**The task:** Every line from the beginning of the records below up to the one holding "Посмотрите тизер нового" should be quoted exactly; leave out the rest.

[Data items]

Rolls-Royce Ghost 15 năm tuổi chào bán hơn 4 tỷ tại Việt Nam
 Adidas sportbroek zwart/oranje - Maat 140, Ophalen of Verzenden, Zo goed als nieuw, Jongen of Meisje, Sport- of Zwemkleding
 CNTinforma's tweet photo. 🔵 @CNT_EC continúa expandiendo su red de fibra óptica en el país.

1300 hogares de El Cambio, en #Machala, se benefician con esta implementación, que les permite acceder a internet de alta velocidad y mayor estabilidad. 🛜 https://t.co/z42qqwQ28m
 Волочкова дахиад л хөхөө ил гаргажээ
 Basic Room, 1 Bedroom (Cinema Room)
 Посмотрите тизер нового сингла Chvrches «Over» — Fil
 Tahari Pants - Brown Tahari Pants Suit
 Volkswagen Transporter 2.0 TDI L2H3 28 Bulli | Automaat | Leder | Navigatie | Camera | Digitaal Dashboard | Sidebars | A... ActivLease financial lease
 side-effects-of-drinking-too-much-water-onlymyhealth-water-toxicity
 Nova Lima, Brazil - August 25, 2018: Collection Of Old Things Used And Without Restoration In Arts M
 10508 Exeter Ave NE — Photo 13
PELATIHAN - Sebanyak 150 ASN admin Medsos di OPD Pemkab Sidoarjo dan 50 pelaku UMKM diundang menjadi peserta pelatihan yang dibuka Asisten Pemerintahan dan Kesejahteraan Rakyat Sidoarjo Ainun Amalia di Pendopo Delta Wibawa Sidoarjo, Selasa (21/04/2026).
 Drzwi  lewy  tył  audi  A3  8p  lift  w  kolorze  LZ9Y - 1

**Answer section:**
Rolls-Royce Ghost 15 năm tuổi chào bán hơn 4 tỷ tại Việt Nam
 Adidas sportbroek zwart/oranje - Maat 140, Ophalen of Verzenden, Zo goed als nieuw, Jongen of Meisje, Sport- of Zwemkleding
 CNTinforma's tweet photo. 🔵 @CNT_EC continúa expandiendo su red de fibra óptica en el país.

1300 hogares de El Cambio, en #Machala, se benefician con esta implementación, que les permite acceder a internet de alta velocidad y mayor estabilidad. 🛜 https://t.co/z42qqwQ28m
 Волочкова дахиад л хөхөө ил гаргажээ
 Basic Room, 1 Bedroom (Cinema Room)
 Посмотрите тизер нового сингла Chvrches «Over» — Fil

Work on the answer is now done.